## INSTRUCTIONS FOR THE TASK
Reproduce, exactly and in full, the lines from the one with "Kut from the" through the one with "KOI large screen and wall scenary" in the data below; drop pictures.

## PROVIDED MATERIAL
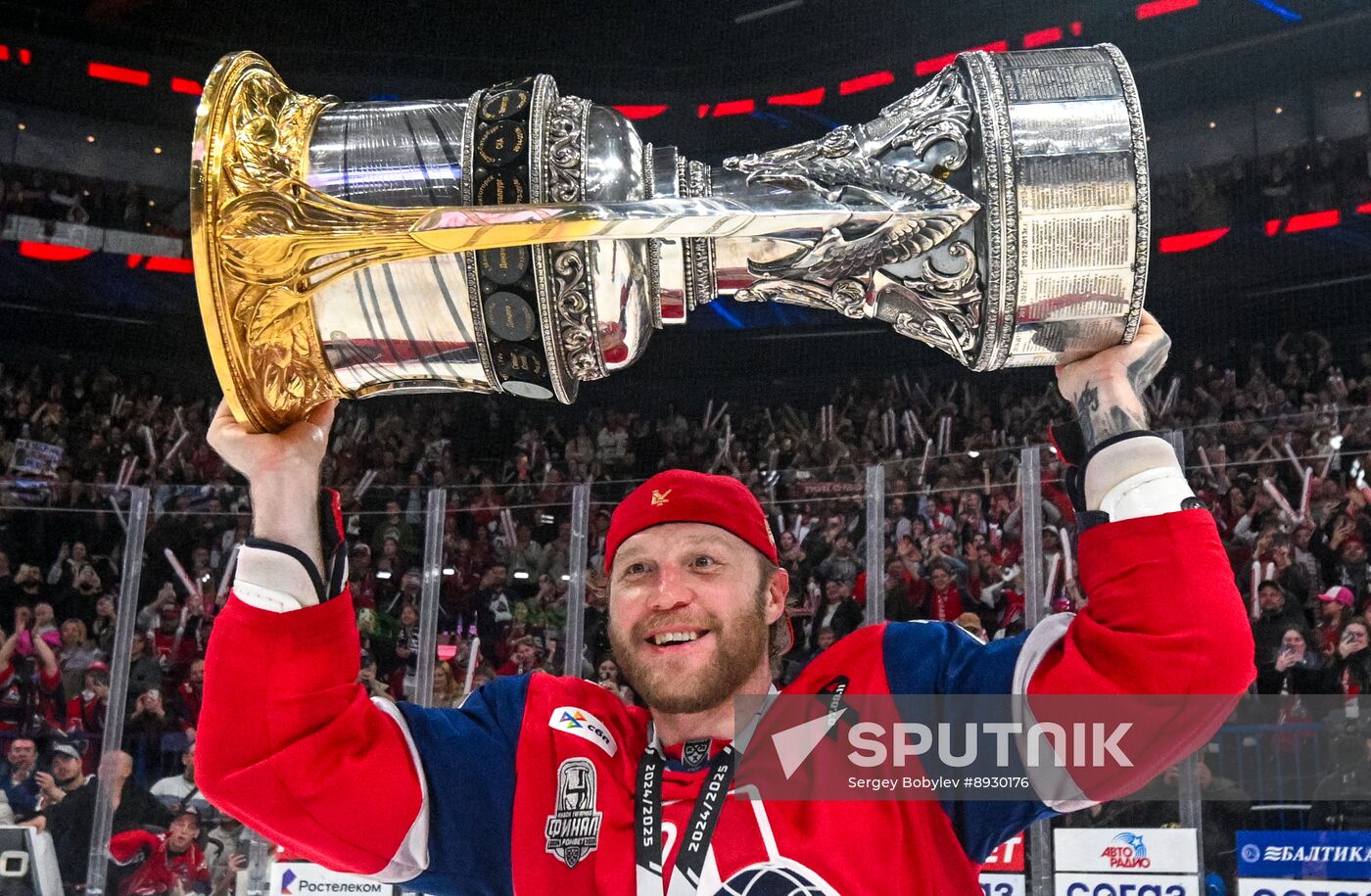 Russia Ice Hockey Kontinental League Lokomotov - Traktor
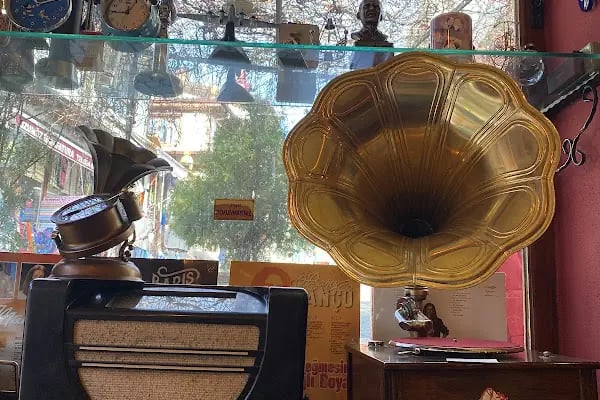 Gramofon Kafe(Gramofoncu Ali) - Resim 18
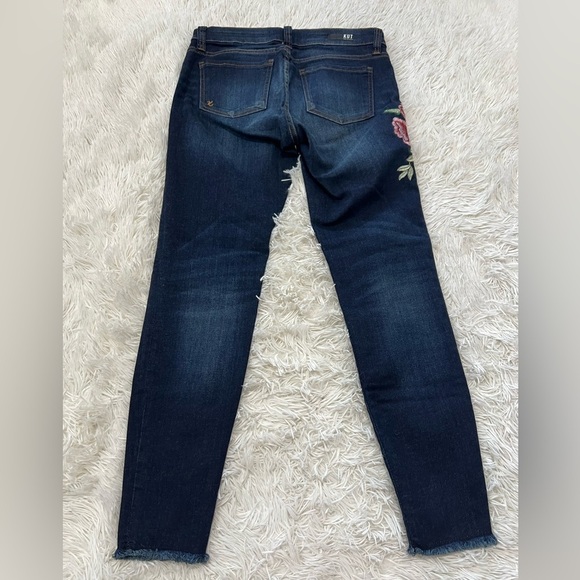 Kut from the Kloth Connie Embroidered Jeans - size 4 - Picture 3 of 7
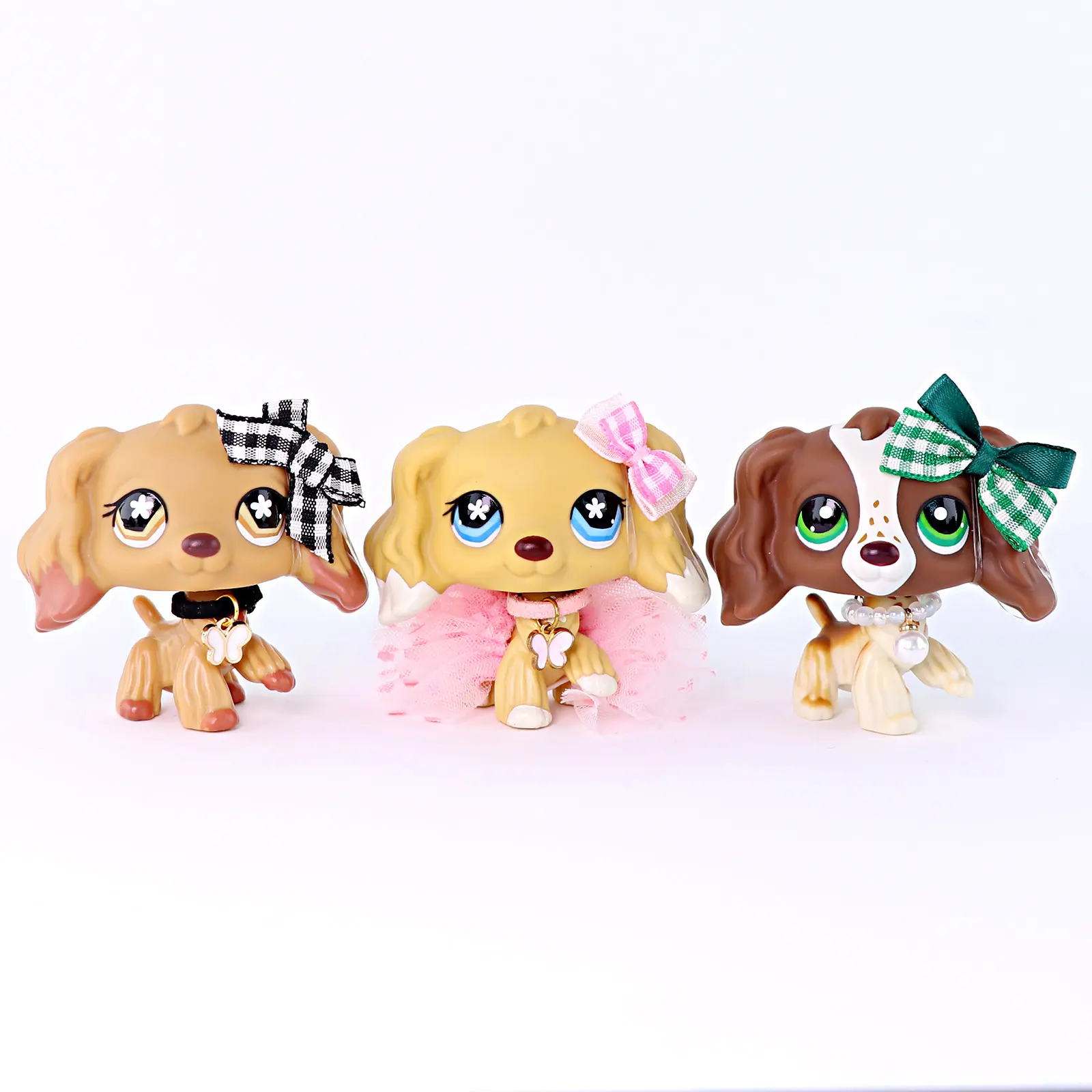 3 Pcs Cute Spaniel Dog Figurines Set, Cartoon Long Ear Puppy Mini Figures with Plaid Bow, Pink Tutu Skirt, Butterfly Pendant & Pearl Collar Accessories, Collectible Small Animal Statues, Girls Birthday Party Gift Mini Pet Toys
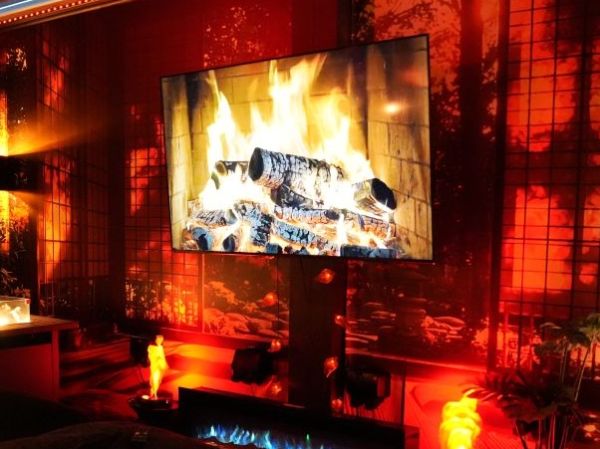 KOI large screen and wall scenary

==

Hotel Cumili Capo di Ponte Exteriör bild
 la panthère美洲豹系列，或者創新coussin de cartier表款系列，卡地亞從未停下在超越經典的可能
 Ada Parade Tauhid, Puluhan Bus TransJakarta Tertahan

...

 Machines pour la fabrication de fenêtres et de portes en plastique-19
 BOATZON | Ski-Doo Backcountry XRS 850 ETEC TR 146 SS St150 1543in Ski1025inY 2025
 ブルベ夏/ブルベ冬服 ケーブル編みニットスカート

## ANSWER BOX
 Kut from the Kloth Connie Embroidered Jeans - size 4 - Picture 3 of 7
 3 Pcs Cute Spaniel Dog Figurines Set, Cartoon Long Ear Puppy Mini Figures with Plaid Bow, Pink Tutu Skirt, Butterfly Pendant & Pearl Collar Accessories, Collectible Small Animal Statues, Girls Birthday Party Gift Mini Pet Toys
 KOI large screen and wall scenary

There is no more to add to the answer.